As someone who intensely regrets not learning about the retirement of Loegria until after it was gone, I second this. If you hear *anything* in Iceni that you like, put off some other purchase and pick it up.

This is the one part of Spitfire's marketing that I vehemently dislike. Creating artificial scarcity for a digital product is already infuriating. Taking something that still works perfectly fine and creating a fake "out of print" category just takes that to a whole new level.

I know Spitfire doesn't really care about this forum any more and after what I've seen in some past threads, don't blame them. But if they're reading and interested in suggestions from people who've already dropped several Gs with them, please create a new "retired" category of products that will never again be updated and that are exempt from any tech support, but offer them to the people who really want them.


----------



## GeorgeThatMusicGuy (Mar 6, 2022)

Ray Toler said:


> As someone who intensely regrets not learning about the retirement of Loegria until after it was gone, I second this. If you hear *anything* in Iceni that you like, put off some other purchase and pick it up.
> 
> This is the one part of Spitfire's marketing that I vehemently dislike. Creating artificial scarcity for a digital product is already infuriating. Taking something that still works perfectly fine and creating a fake "out of print" category just takes that to a whole new level.
> 
> I know Spitfire doesn't really care about this forum any more and after what I've seen in some past threads, don't blame them. But if they're reading and interested in suggestions from people who've already dropped several Gs with them, please create a new "retired" category of products that will never again be updated and that are exempt from any tech support, but offer them to the people who really want them.


Yes please, I would do anything for Albion II


----------



## Ray Toler (Mar 6, 2022)

GeorgeThatMusicGuy said:


> Yes please, I would do anything for Albion II


I reached out to them privately as soon as I learned that it had been discontinued, but there was nothing to be done. I suspect that the only way to get a "retired" product out of Spitfire is to be named Hans. Or _maybe_ Olafur.
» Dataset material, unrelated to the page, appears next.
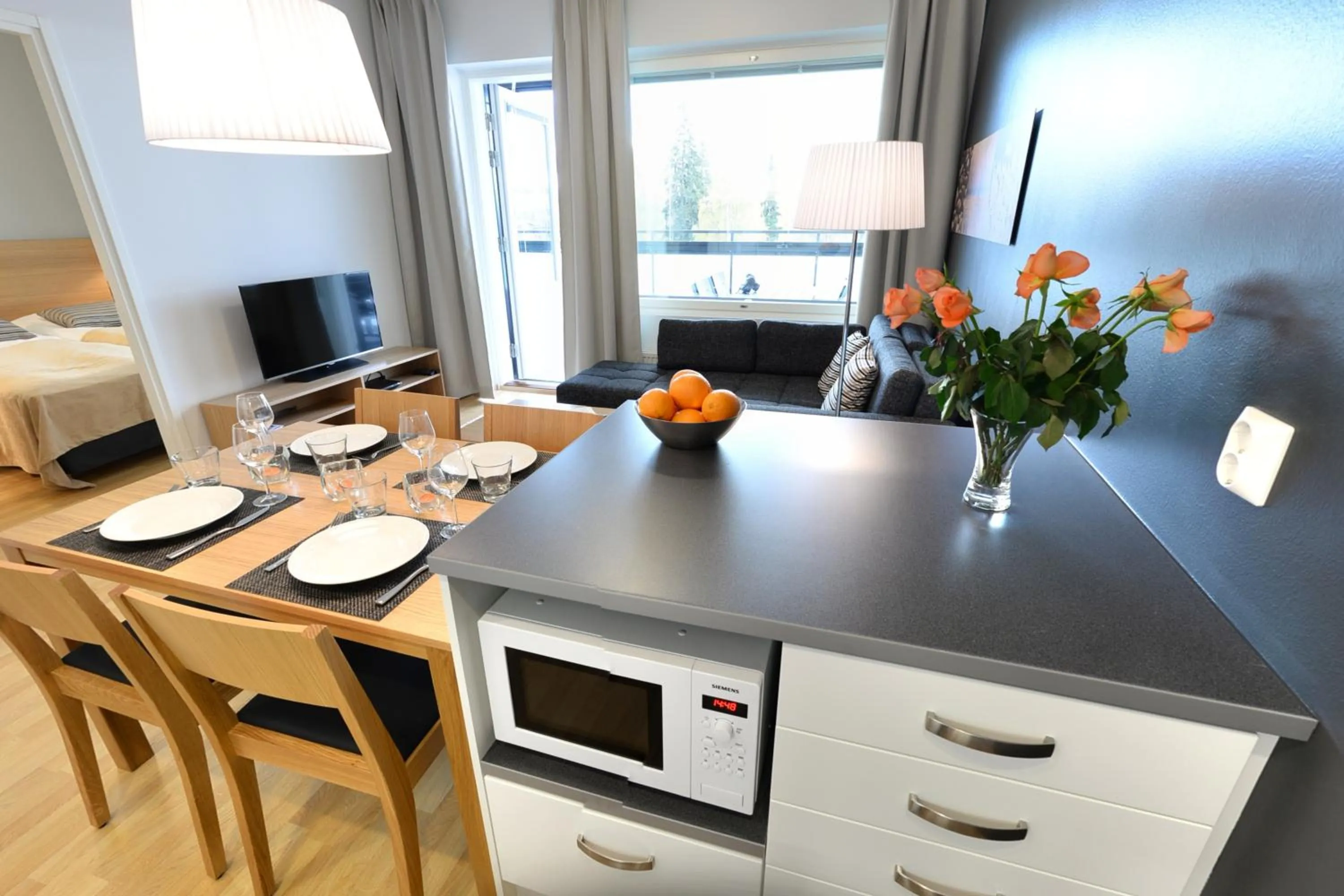 Kitchen or kitchenette in Forenom Serviced Apartments Tampere Pyynikki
Maybe.


----------



## Geoff Grace (Mar 6, 2022)

I see some real pain and mourning in this thread over discontinued libraries. It makes sense to have a sense of loss when a door closes, and I understand that each recording is unique and can result in beautiful samples that can help us craft extra magic into our music.

On the other hand, no library is essential despite what marketing people would like us to believe. I think we can all admit that there's a lot of powerful music in the world that contains no samples at all. If we don't have access to every special sound that has ever existed, we can still record meaningful music that can move our listeners.
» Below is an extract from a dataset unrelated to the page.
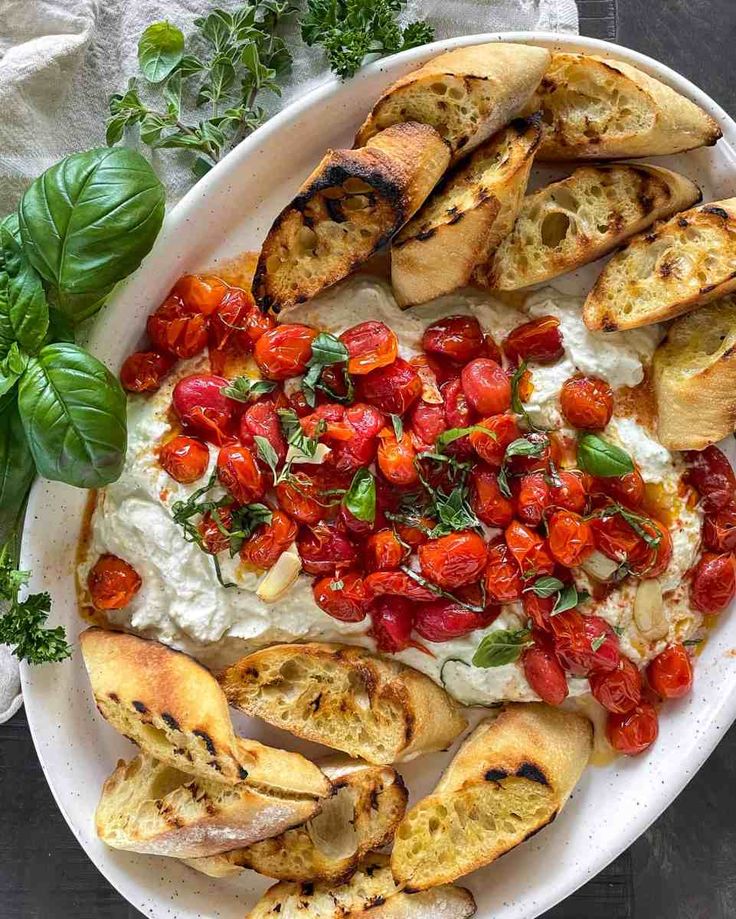 a white plate topped with bread, tomatoes and other toppings on top of it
If you don't buy Iceni before it leaves, please don't waste too much energy feeling sad because you don't have access to its sounds. Why not, instead, look inward and see the wealth of resources you have as a composer and human being? You can still make beautiful music. You are the creator.

Best,

Geoff


----------



## moon (Mar 6, 2022)

Geoff Grace said:


> I see some real pain and mourning in this thread over discontinued libraries. It makes sense to have a sense of loss when a door closes, and I understand that each recording is unique and can result in beautiful samples that can help us craft extra magic into our music.
> 
> On the other hand, no library is essential despite what marketing people would like us to believe. I think we can all admit that there's a lot of powerful music in the world that contains no samples at all. If we don't have access to every special sound that has ever existed, we can still record meaningful music that can move our listeners.
> 
> ...


Very well said! I think that's something we all should keep in mind in the endless GAS cycle.




Anyway, I bought Iceni.


----------



## Lionel Schmitt (Mar 6, 2022)

Geoff Grace said:


> I see some real pain and mourning in this thread over discontinued libraries. It makes sense to have a sense of loss when a door closes, and I understand that each recording is unique and can result in beautiful samples that can help us craft extra magic into our music.
> 
> On the other hand, no library is essential despite what marketing people would like us to believe. I think we can all admit that there's a lot of powerful music in the world that contains no samples at all. If we don't have access to every special sound that has ever existed, we can still record meaningful music that can move our listeners.
> 
> ...



Every library CAN be essential. There are many sounds and patches which I have yet to find replacements or alternatives for.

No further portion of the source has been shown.